PPO rule 8 indicates that an SC must appear after its paired LR in the global memory order. This will follow naturally from the common use of LR/SC to perform an atomic read-modify-write operation due to the inherent data dependency. However, PPO rule 8 also applies even when the value being stored does not syntactically depend on the value returned by the paired LR.

Lastly, we note that, as with fences, ordering annotations are not cumulative.

B.1.3.8 Syntactic Dependencies (Rules 9-11)

info

Rule 9: b has a syntactic address dependency on a

Rule 10: b has a syntactic data dependency on a

Rule 11: b is a store, and b has a syntactic control dependency on a

Dependencies from a load to a later memory operation in the same hart are respected by the RVWMO memory model. The Alpha memory model was notable for choosing not to enforce the ordering of such dependencies, but most modern hardware and software memory models consider allowing dependent instructions to be reordered too confusing and counterintuitive.
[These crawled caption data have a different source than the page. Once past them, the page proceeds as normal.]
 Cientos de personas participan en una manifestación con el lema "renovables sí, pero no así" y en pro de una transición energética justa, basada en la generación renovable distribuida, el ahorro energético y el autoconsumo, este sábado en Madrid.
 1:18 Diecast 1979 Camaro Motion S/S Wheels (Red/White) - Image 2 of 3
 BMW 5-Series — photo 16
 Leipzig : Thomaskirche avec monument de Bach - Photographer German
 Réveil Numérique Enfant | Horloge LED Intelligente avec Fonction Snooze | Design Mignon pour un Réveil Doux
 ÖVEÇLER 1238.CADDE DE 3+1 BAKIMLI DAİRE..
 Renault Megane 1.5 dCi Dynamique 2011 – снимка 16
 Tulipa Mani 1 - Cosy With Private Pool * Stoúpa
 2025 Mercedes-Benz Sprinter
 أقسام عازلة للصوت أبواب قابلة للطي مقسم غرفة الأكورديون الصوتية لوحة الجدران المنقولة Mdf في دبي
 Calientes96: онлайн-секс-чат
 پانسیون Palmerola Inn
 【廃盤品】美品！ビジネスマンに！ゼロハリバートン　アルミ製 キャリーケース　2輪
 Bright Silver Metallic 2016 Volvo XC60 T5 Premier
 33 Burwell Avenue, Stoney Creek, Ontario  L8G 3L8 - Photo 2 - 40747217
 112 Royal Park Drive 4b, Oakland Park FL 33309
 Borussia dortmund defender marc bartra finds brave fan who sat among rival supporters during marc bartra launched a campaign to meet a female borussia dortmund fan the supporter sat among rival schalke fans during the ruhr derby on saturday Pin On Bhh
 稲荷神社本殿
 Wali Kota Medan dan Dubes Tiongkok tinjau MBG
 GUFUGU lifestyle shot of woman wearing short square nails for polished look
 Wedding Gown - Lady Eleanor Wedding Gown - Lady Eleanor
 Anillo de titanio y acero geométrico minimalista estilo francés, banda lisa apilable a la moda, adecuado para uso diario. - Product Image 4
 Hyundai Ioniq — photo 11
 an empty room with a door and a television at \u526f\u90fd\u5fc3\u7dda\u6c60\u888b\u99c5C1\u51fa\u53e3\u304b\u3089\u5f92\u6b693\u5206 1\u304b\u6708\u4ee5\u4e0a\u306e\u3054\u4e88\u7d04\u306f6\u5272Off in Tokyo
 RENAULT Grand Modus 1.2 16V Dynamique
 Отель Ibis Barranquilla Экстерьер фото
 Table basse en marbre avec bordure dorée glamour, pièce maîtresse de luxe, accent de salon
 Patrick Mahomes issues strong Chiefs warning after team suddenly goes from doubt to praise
Furthermore, modern code sometimes intentionally uses such dependencies as a particularly lightweight ordering enforcement mechanism.

The terms in Section 3.1.1.2 work as follows. Instructions are said to carry dependencies from their source register(s) to their destination register(s) whenever the value written into each destination register is a function of the source register(s). For most instructions, this means that the destination register(s) carry a dependency from all source register(s). However, there are a few notable exceptions. In the case of memory instructions, the value written into the destination register ultimately comes from the memory system rather than from the source register(s) directly, and so this breaks the chain of dependencies carried from the source register(s). In the case of unconditional jumps, the value written into the destination register comes from the current pc (which is never considered a source register by the memory model), and so likewise, JALR (the only jump with a source register) does not carry a dependency from rs1 to rd.

(a) fadd f3,f1,f2
(b) fadd f6,f4,f5
(c) csrrs a0,fflags,x0

The notion of accumulating into a destination register rather than writing into it reflects the behavior of CSRs such as fflags. In particular, an accumulation into a register does not clobber any previous writes or accumulations into the same register. For example, in (c) has a syntactic dependency on both (a) and (b) via fflags, a destination register that both (a) and (b) implicitly accumulate into, (c) has a syntactic dependency on both (a) and (b).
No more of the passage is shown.